The piece consists of a large upholstered armchair connected by a cord to a spherical ottoman. The form is rounded and exaggerated: wide armrests, deep curves, and a silhouette that feels closer to sculpture than to conventional seating. Sitting in it is comfortable enough, but the object never fully disappears into the room the way most furniture does. Its shape immediately suggests a body—something soft, weighted, and slightly off-balance.

Pesce was quite open about the reference. The chair, he said, was intended to evoke the female figure, while the attached sphere represented a ball and chain. The metaphor was blunt by design. At the end of the 1960s, debates about gender roles and social expectations were becoming increasingly visible in public life, and Pesce wanted the object to reflect that tension. The UP5 chair therefore carried a symbolic dimension unusual for furniture: it placed an image of constraint directly inside the domestic interior. The visual language of the chair reinforces this reading. Its proportions recall prehistoric fertility figures—the kind of small sculptures in which hips and torso are emphasized through exaggerated volume. Pesce translates that ancient vocabulary into polyurethane foam and stretch fabric, turning what might have been a purely sculptural reference into a piece of industrial design.

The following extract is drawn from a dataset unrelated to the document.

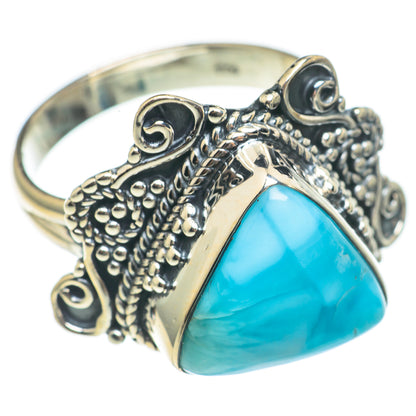 Larimar Rings handcrafted by Ana Silver Co - RING70058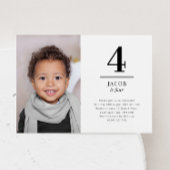 Vier Landschaft Foto Einladung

The manufacturing process also contributed to the chair’s notoriety. The UP series was produced using expanded polyurethane foam and shipped in a compressed state. Vacuum packaging allowed the chair to be flattened for transport; once the packaging was opened, the foam gradually returned to its original shape. For the buyer, unpacking the chair meant watching it slowly regain its volume. What arrived in the living room was not just an object but a brief transformation—from compressed industrial product to a fully formed piece of furniture. This technical aspect mattered because Pesce was interested in challenging the idea that industrial production had to result in uniform, neutral objects. The late-modernist interior often aimed for visual control and clarity. Pesce, by contrast, seemed comfortable with objects that were expressive, even slightly awkward. The UP5 chair does not attempt to refine its bodily associations into abstraction. The metaphor remains visible in the form itself.

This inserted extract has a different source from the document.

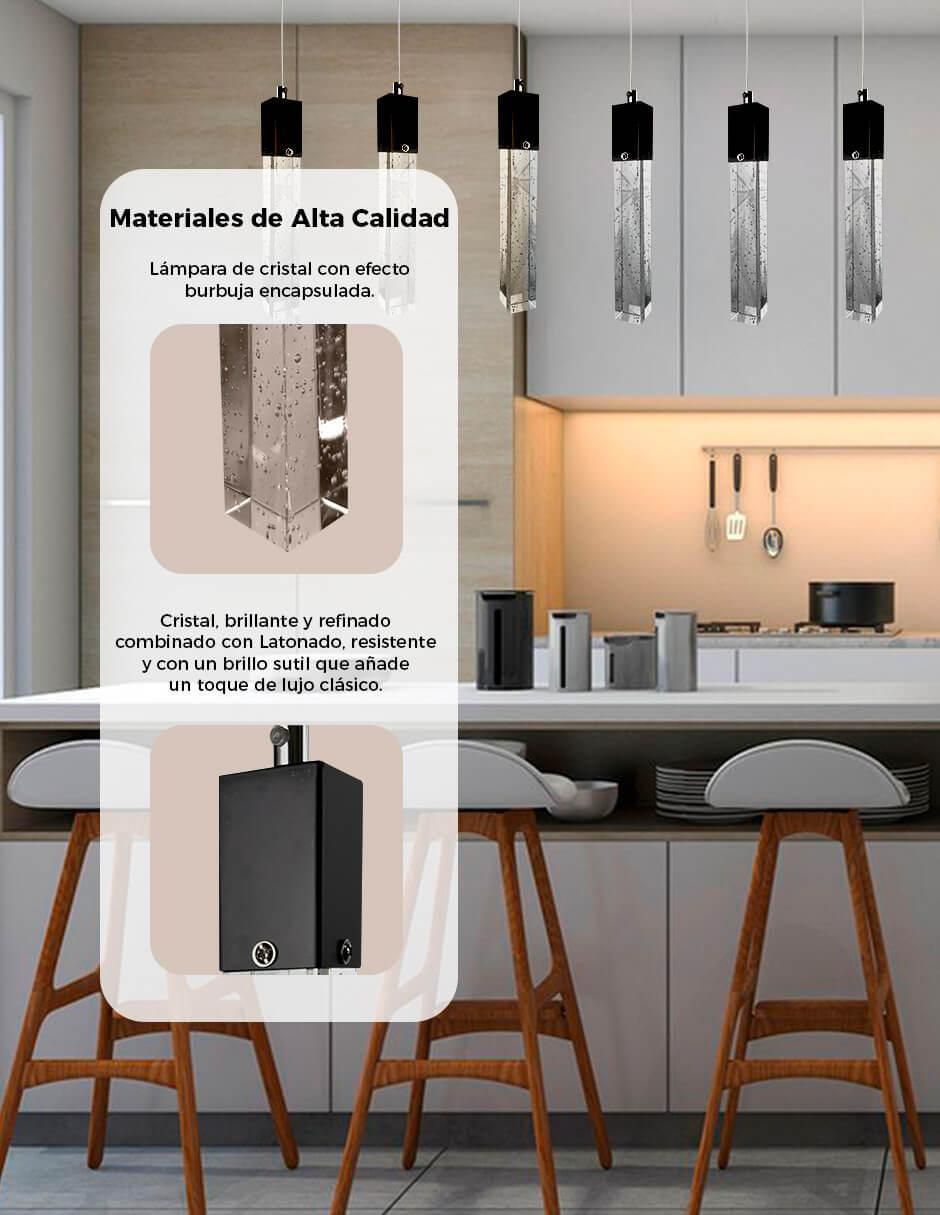 Lámpara colgante led 6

More than fifty years later, the piece remains one of the most recognizable works of late-1960s Italian design. Part of its longevity comes from its ambiguity. Some viewers read the chair primarily as a critique of social structures that restrict women’s freedom. Others see it as a provocative but uneasy image of the female body within domestic space. The object never fully settles into one interpretation. That uncertainty is part of what keeps the chair from becoming entirely comfortable as a design classic. It occupies an unusual position somewhere between furniture, sculpture, and visual commentary. Even today, placed in a living room or museum gallery, the object retains a slightly disruptive presence—soft in material, but conceptually difficult to ignore.